# A "Jazzy" piece for piano



## aleazk (Sep 30, 2011)

My new piece for piano. I love Jazz, so I made a "Jazzy" piece :


__
https://soundcloud.com/aleazk%2Fjazzy-piece-for-piano

Although the piece started as an experiment with quartal harmonies...


----------



## ComposerOfAvantGarde (Dec 2, 2011)

Wow! I love that piece! I love jazz too, and I can tell you that piece sounds fantastic. What music do you normally write, or is it all jazz?


----------



## aleazk (Sep 30, 2011)

ComposerOfAvantGarde said:


> Wow! I love that piece! I love jazz too, and I can tell you that piece sounds fantastic. What music do you normally write, or is it all jazz?
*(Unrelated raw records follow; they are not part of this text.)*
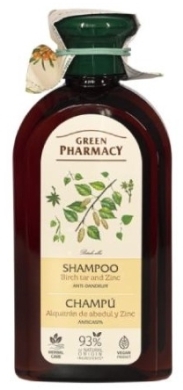GREEN PHARMACY Szampon przeciwłupieżowy Dziegć brzozowy i Cynk 350 ml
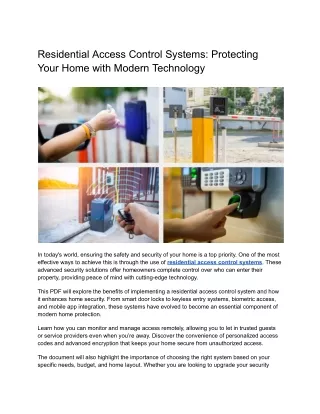 Residential Access Control Systems_ Protecting Your Home with Modern Technology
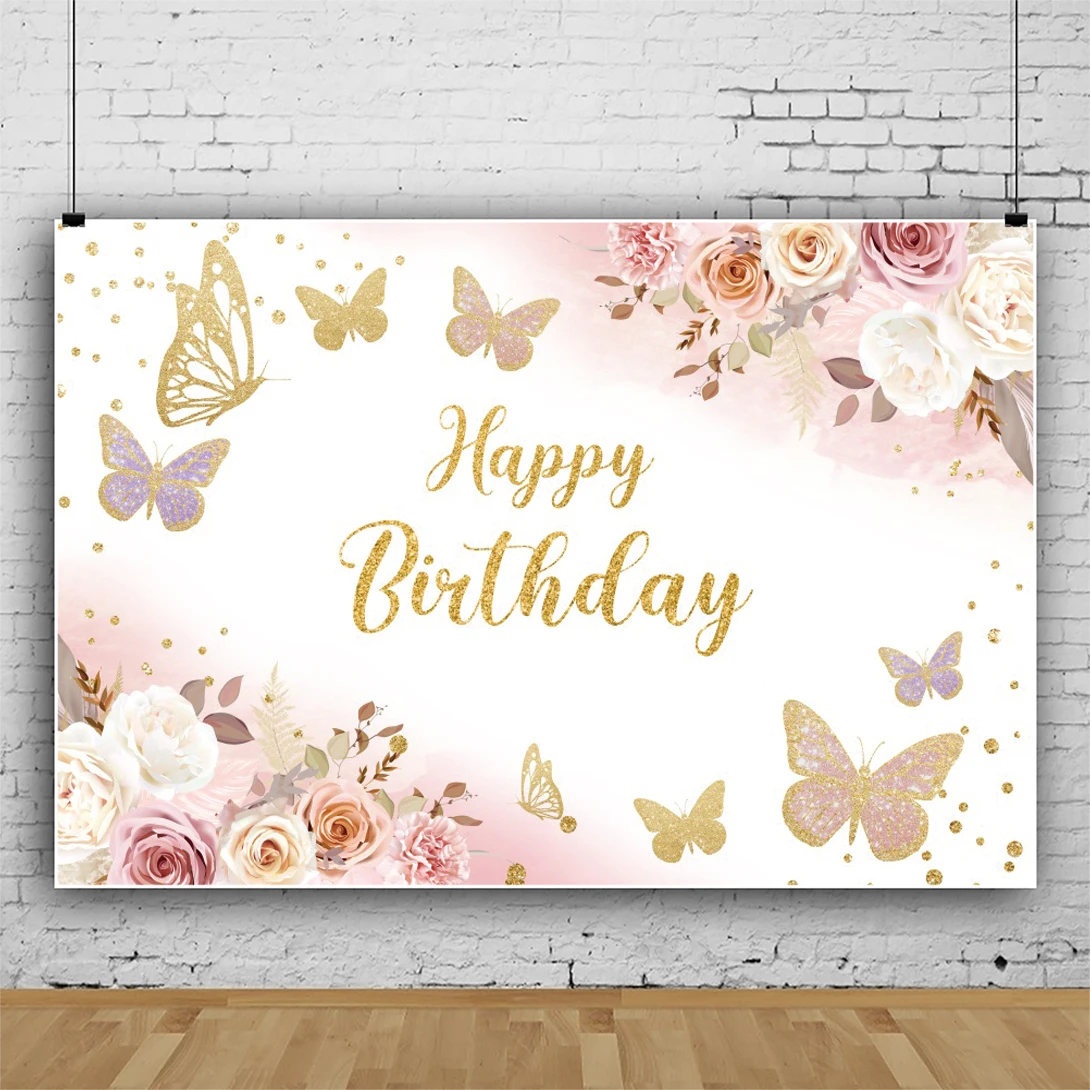 

Princess Birthday Decortation Background Photography Colorful Flowers Golden Butterfly Girls Baby Portrait Customizable Backdrop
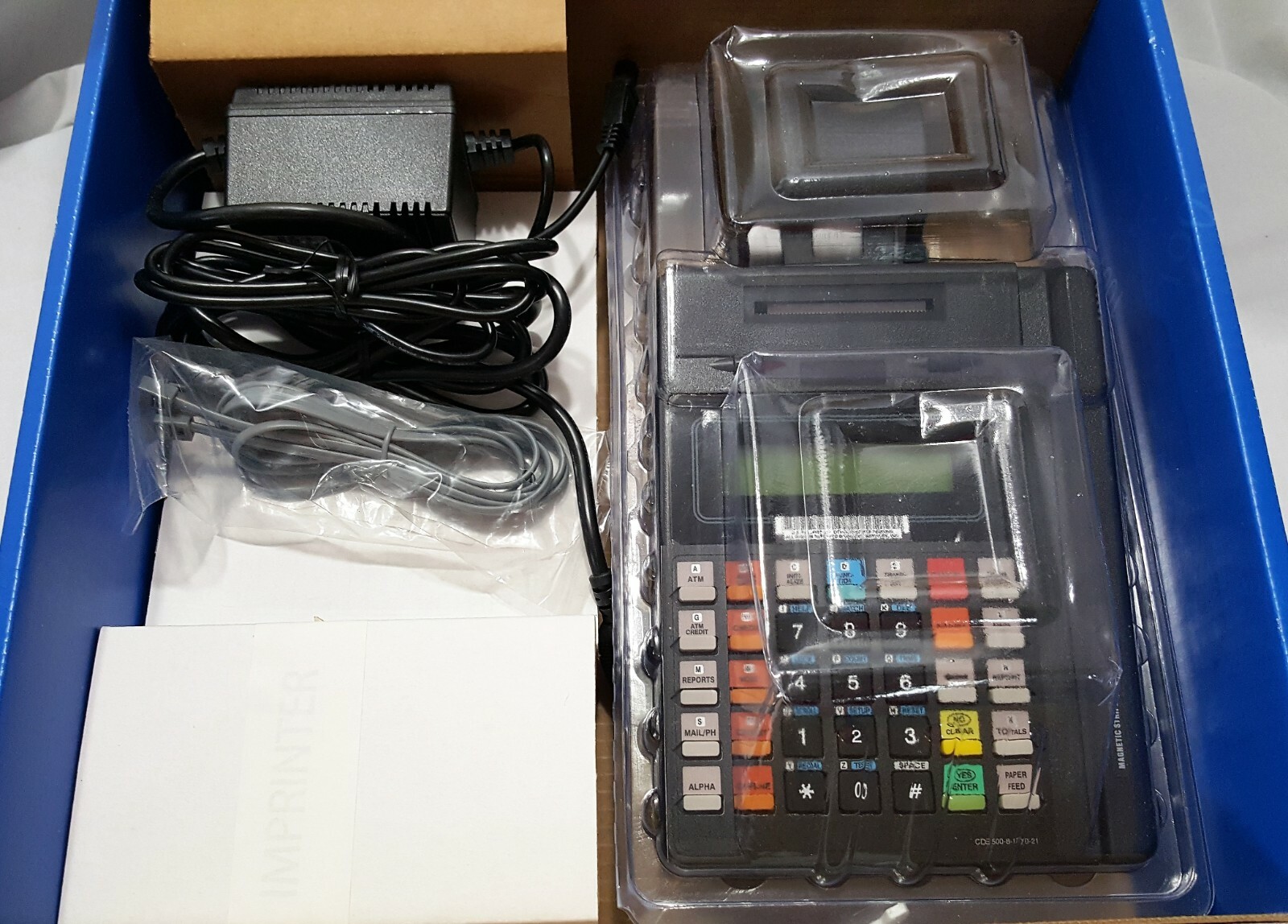 Refurbished Hypercom T7P Credit Card Machine with Power Supply In POS Box.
i'm being very eclectic right now, i use things from all the music that i listen to. in this moment of my life, particularly impressionism and jazz.


----------



## aleazk (Sep 30, 2011)

here i have more jazzy pieces:











(the last one it's only an sketch)

on the other hand, i have these impressionist pieces:


----------



## ComposerOfAvantGarde (Dec 2, 2011)

Hmm… interesting range of styles. Have you ever explored writing music based on the [classical] sound world of today? There are SO many interesting pieces of music out there written int he last twenty years that will give you some even more fantastic ideas! 

Well, anyway, have fun composing!


----------



## aleazk (Sep 30, 2011)

ComposerOfAvantGarde said:


> Hmm… interesting range of styles. Have you ever explored writing music based on the [classical] sound world of today? There are SO many interesting pieces of music out there written int he last twenty years that will give you some even more fantastic ideas!
> 
> Well, anyway, have fun composing!


yeah, sure, but i wanted to write this kind of things first, i needed to get them out of my system once for all. in the future, i will be more avant-garde . regards.


----------